Oil prices remaining above $100 per barrel continue to raise concerns about potential inflationary pressures.
Pre-market indicators at 8:40 a.m. ET showed Dow E-minis declining 209 points or 0.42%, while S&P 500 E-minis dropped 14 points or 0.20%, and Nasdaq 100 E-minis fell 47.25 points or 0.17%.
Thursday’s employment data revealed that Americans filing for unemployment benefits rose only slightly last week, though economic risks from war-related price increases continue to pose threats.
EARNINGS SEASON UNDER SCRUTINY
While the current earnings period has generally performed well, investors are questioning the reliability of these results since they only capture one month of Middle East conflict disruption.
“The earnings themselves don’t reflect the impact of the energy supply shock,” explained Kiran Ganesh, multi-asset strategist at UBS Global Wealth Management.

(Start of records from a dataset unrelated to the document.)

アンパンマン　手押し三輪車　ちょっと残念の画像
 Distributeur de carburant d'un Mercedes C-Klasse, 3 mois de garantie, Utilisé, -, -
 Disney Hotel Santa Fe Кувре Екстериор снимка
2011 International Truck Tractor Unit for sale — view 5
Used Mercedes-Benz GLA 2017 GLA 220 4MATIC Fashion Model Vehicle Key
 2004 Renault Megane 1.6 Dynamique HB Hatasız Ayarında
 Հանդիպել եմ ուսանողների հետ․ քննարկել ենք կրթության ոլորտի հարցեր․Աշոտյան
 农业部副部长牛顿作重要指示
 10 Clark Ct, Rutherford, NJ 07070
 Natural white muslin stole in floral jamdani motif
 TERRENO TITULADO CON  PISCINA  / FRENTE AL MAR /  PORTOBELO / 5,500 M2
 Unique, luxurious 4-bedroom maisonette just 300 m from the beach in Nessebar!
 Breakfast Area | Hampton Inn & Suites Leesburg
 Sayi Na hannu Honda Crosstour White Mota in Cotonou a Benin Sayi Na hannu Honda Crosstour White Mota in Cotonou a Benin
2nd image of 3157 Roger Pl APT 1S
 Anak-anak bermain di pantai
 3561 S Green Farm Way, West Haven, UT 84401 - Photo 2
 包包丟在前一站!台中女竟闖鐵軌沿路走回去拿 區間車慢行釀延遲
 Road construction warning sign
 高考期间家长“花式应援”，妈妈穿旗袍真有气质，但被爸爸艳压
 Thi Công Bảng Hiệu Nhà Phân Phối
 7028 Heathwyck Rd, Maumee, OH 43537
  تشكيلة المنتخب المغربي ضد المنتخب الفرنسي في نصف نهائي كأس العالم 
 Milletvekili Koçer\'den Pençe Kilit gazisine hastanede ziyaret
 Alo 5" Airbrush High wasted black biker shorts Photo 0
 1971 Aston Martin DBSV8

Ganesh added that while “the oil shock is a drag on growth, there is also a lot of structural support. The market remains comfortable that as long as there is a path towards de-escalation, it can look through higher oil prices in the short term.”
Tesla stock declined 3.4% during pre-market trading following the company’s announcement of increased spending plans exceeding $25 billion for the year.
The electric vehicle manufacturer is currently pursuing one of its most costly investments as CEO Elon Musk directs resources toward artificial intelligence, robotics and semiconductor development.
“With all the focus on the war, a forgotten theme that weighed on the market at the start of the year is artificial intelligence overinvestment and diminishing future returns,” noted Kyle Rodda, senior financial market analyst for Capital.com.
IBM shares tumbled 7.9% after experiencing slower revenue growth in the first quarter due to weakness in its software division.
Technology companies Microsoft and Adobe also declined 2.2% and 3.1% respectively in pre-market trading.
Defense contractor Lockheed Martin dropped 3.7% following reports of reduced first-quarter profits.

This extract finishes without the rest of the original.